Wajahnya memerah akibat malu ketahuan melirik dan juga keselek. Ia terbatuk-batuk. Pemuda tersebut kaget bukan main mendapati reaksi Zulfa yang berlebihan. Walau begitu, tangan besar itu menepuk-nepuk punggungnya dengan lembut.

Setelah batuknya mereda, Zulfa menggeleng pelan.  "Tidak. Saya hanya melihat Anda karena kagum saja. Anda sangat tampan." Mata Zulfa terbelalak lebar begitu menyadari ucapannya.

"Maaf, saya permisi," pamit Zulfa lantaran tak kuat menanggung malu. Ia segera membereskan sampahnya dan membuangnya ke tempat sampah.
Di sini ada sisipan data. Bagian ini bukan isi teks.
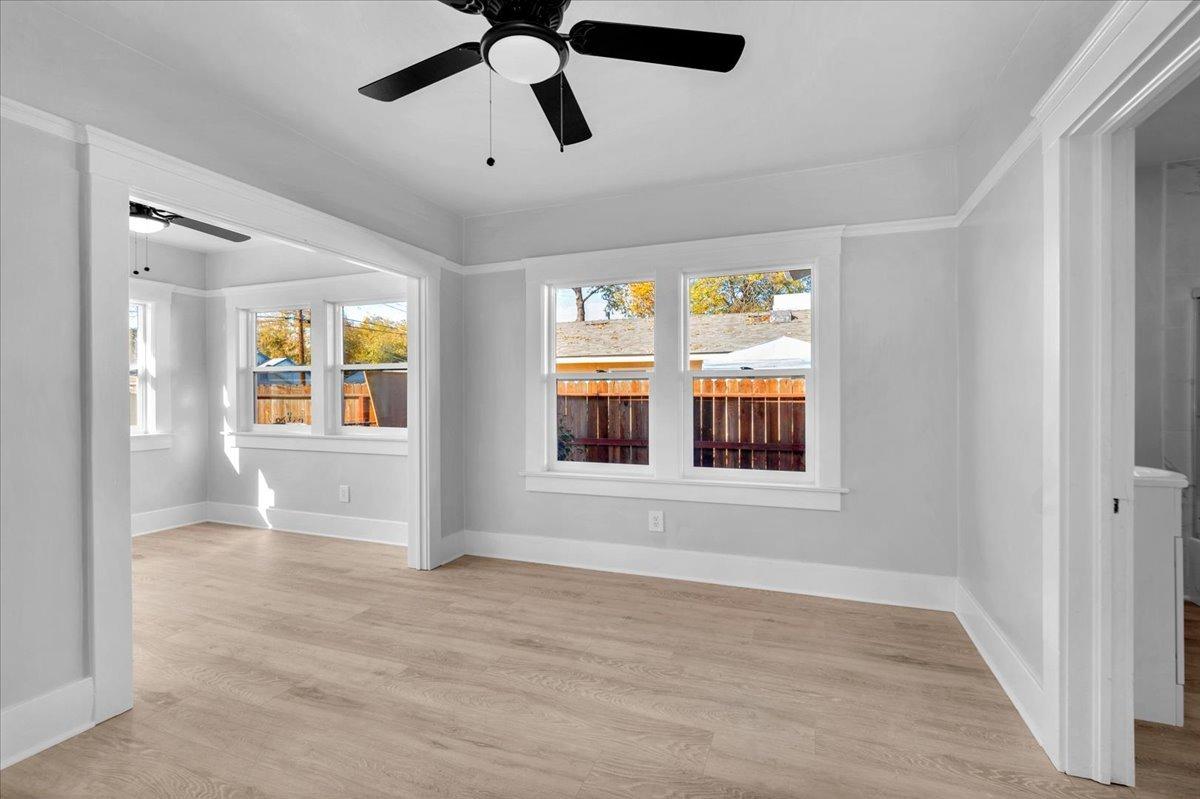 1265 N Safford Avenue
Kemudian berlari keluar mini market dan mengayuh sepedanya dengan cepat.

Di sepanjang sisa perjalanan pulangnya, Zulfa merutuki mulutnya yang kelewat gila. Bisa-bisanya dia mengatakan hal seperti itu kepada pemuda yang baru ia temui. Sesampainya di rumah, Zulfa mengerutkan keningnya dalam.

"Ada tamu?" gumamnya heran saat melihat mobil asing terparkir di depan rumah.

"Tante! Zul pulang!" ucapnya mendeklarasikan kepulangannya. Begitu sampai di rumah ia kaget bukan main.

"Kamu?" ucapnya bersamaan dengan pemuda yang tengah duduk di sofa.

"Kalian sudah saling kenal?" tanya Zevanya pada Zulfa dan pemuda yang duduk di sampingnya. Lengan Zevanya bergelayut manja pada lengan pemuda itu membuat Zulfa merasakan sakit di hatinya.

"Gak kok. Tadi ketemu di mini market depan," balas Zulfa setenang mungkin.

Zevanya mengangguk paham. "Sini! Kenalin ini Rafael, calon suami aku."

Hati Zulfa berdenyut nyeri. Cinta pertamanya hancur dalam waktu kurang dari dua puluh menit. Ia memaksakan dirinya untuk tersenyum ramah.

"Oh! Selamat, ya, Zee. Semoga langgeng," doanya tulus. "Aku pamit ke kamar dulu, ya," pamitnya lalu segera bergerak menuju kamarnya.